_TASK TO COMPLETE_
Could you tally the lines in the listing below that include the word "Your"? Respond with the total alone.
----- EXERCISE DATA
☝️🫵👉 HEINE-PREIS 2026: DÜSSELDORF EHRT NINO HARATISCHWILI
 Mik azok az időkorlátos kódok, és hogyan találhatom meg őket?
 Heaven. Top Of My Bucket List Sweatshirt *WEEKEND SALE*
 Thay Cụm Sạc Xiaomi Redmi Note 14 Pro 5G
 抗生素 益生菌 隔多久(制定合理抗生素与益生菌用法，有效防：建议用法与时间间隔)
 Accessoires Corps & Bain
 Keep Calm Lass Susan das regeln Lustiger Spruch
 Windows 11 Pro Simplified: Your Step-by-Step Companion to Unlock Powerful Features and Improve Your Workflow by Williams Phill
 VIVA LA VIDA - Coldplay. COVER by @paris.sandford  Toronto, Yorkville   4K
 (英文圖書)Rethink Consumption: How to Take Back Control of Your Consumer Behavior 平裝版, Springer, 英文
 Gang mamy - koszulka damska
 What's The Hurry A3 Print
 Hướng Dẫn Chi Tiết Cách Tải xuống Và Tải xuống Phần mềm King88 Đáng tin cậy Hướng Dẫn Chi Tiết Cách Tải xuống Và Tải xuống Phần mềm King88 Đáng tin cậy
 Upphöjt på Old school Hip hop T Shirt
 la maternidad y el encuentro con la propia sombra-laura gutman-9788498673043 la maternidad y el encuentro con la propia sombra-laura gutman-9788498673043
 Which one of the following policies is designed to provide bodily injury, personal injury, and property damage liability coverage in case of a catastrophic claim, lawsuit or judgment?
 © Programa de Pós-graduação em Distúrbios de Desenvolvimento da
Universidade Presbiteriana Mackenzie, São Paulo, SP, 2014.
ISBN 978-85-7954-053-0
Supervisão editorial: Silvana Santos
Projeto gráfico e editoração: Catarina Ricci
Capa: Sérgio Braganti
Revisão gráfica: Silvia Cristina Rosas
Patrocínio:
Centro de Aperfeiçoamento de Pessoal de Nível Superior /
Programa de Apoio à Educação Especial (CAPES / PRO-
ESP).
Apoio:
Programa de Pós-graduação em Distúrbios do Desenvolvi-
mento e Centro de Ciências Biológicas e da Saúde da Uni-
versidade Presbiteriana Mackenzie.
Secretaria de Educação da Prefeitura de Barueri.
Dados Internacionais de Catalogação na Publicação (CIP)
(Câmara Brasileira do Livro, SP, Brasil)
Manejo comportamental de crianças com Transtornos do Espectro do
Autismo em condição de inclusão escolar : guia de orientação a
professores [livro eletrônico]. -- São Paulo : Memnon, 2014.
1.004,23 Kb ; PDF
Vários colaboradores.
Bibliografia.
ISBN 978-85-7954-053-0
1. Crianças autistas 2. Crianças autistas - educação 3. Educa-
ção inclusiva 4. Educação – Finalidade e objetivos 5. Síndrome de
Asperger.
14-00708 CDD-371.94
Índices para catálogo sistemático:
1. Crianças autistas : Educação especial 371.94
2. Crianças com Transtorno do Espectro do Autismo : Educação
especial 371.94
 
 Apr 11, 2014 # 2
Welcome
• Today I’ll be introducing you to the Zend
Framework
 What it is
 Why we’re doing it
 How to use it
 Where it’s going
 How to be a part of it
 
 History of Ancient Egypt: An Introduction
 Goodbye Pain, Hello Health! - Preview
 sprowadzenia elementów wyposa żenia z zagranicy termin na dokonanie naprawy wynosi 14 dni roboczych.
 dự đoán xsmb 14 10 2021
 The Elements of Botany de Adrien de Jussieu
----------
_OUTPUT FOR THIS TASK_
2